TASK REQUIREMENTS:
I'd like the entries repeated exactly, pictures omitted.
*** EXCERPTED RECORDS ***
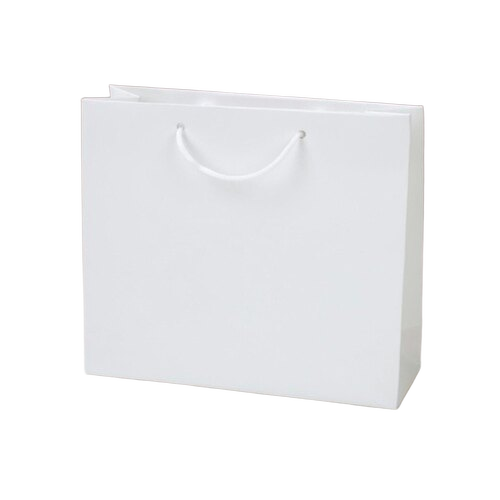 Duplex Paper Bag - Material: Corrugated Board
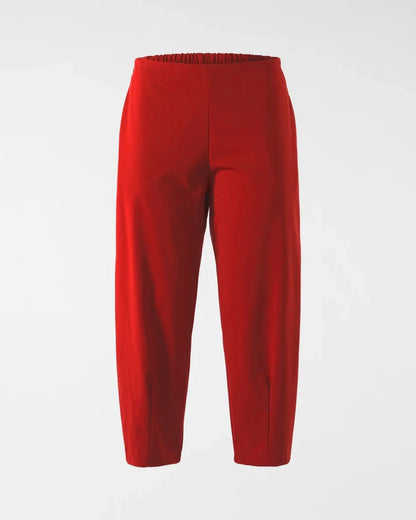 Pantalone Wendy Slim Rosso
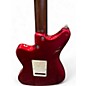Used Tom Anderson RAVEN Candy Apple Red Metallic Solid Body Electric Guitar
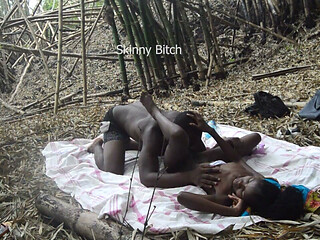 Sex in the Forest Outdoors
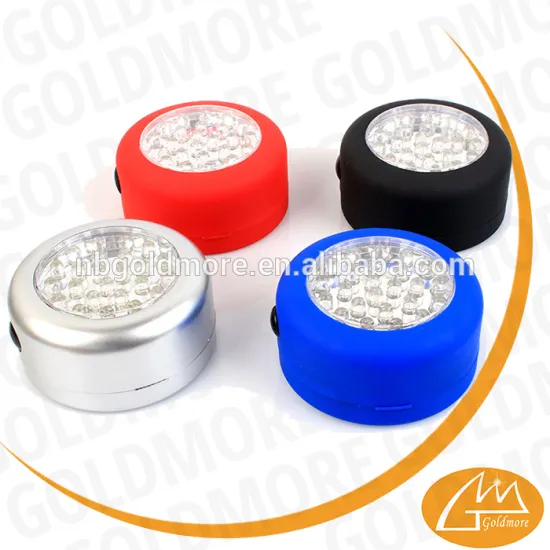 Goldmore 1 multifunctional 24 LED hanging portable led work light, work lantern for auto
***
RESULT:
 Duplex Paper Bag - Material: Corrugated Board
 Pantalone Wendy Slim Rosso
Used Tom Anderson RAVEN Candy Apple Red Metallic Solid Body Electric Guitar
 Sex in the Forest Outdoors
 Goldmore 1 multifunctional 24 LED hanging portable led work light, work lantern for auto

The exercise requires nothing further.